Para quem gosta de escrita criativa, o Brasil está oferecendo uma bela oportunidade: o desenvolvimento de narrativas convincentes sob encomenda. Espera aí, mas onde está a novidade? Eu faço isso desde que comecei a trabalhar em publicidade, faz mais de 40 anos! Ah, mas agora não se trata mais apenas de vender produtos ou serviços, mas de vender versões inteligentes para fatos e ideias controversos.

Com a eleição do atual presidente, foi aberto um grande leque de necessidades de revisão de tudo o que foi dito antes da posse dele. Os temas são os mais variados: feminismo, homossexualismo, racismo, aborto, fé, comunismo, aquecimento global, desmatamento, educação, geografia, família, enfim, são tantos e tão variados que você mesmo pode propor um que será muito bem-vindo. Boa parte dos defensores dessa tentativa de dar uma nova ordem ao pensamento brasileiro aguarda ansiosa alguma fonte para se abastecer de uma retórica de mais qualidade.

Afinal, por enquanto, o que vem sustentando a permanência desse grupamento de guerreiros unido são apenas as “caneladas” – vociferações estúpidas – presidenciais, o que pode funcionar até certo ponto para manter a tropa motivada, mas não angaria novos simpatizantes, necessidade básica para superar os vulneráveis 30% de fiéis. Tem sido tarefa complicadíssima para o governo cooptar cabeças que contribuam na busca pela “destoscatização” da sua imagem e em a nivelar um pouco com a qualidade formal do discurso da oposição.

As cabeças que chegam, seja por preguiça ou por puro puxa-saquismo, têm se acomodado ao estilo truculento e simplório nos enfrentamentos. Esse servilismo pequeno agrada ao chefe num primeiro momento; no médio prazo, contudo, só serve para piorar a percepção do seu “lado ruim”.

O governo brasileiro precisa urgentemente se capacitar para a interlocução, por exemplo, com outra pessoa, além de Donald Trump. O que não significa dizer que tenha de, necessariamente, se desalinhar do que seria a ideologia de Bolsonaro (talvez mais adequado seria dizer o compromisso de Bolsonaro), uma vez que ideologia, por pior que seja, sugere certo requinte cultural. Sim, é possível defender alguns dos pontos de vista, bandeiras deste governo, com argumentação relativamente respeitável e crível.

Acontece, porém, que o time está atrapalhado, alguns por evidentes limitações intelectuais e outros por se deixar tomar pelo ódio e cair nas arapucas dos bate-bocas rasteiros.

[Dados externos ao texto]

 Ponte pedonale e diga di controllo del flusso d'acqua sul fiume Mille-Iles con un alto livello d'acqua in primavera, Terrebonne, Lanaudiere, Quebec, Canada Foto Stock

Resultado: diante do quadro, qualquer militante, por mais ignorante, se sente na obrigação de assumir a defesa do governo, o que só agrava a situação.

Bolsonaro está caminhando para a típica sinuca vivida por governos populistas: aquela hora em que precisa mandar os toscos calar a boca e privilegiar a contribuição de alguma inteligência não-engajada. Arriscado, porém absolutamente necessário. É dramático para o nosso futuro sinalizar ao mundo que o Brasil, ainda que tenha optado por um presidente com uma linha de pensamento oposta ao do governo anterior, não se tornou, de um dia para o outro, uma patética terra de lunáticos.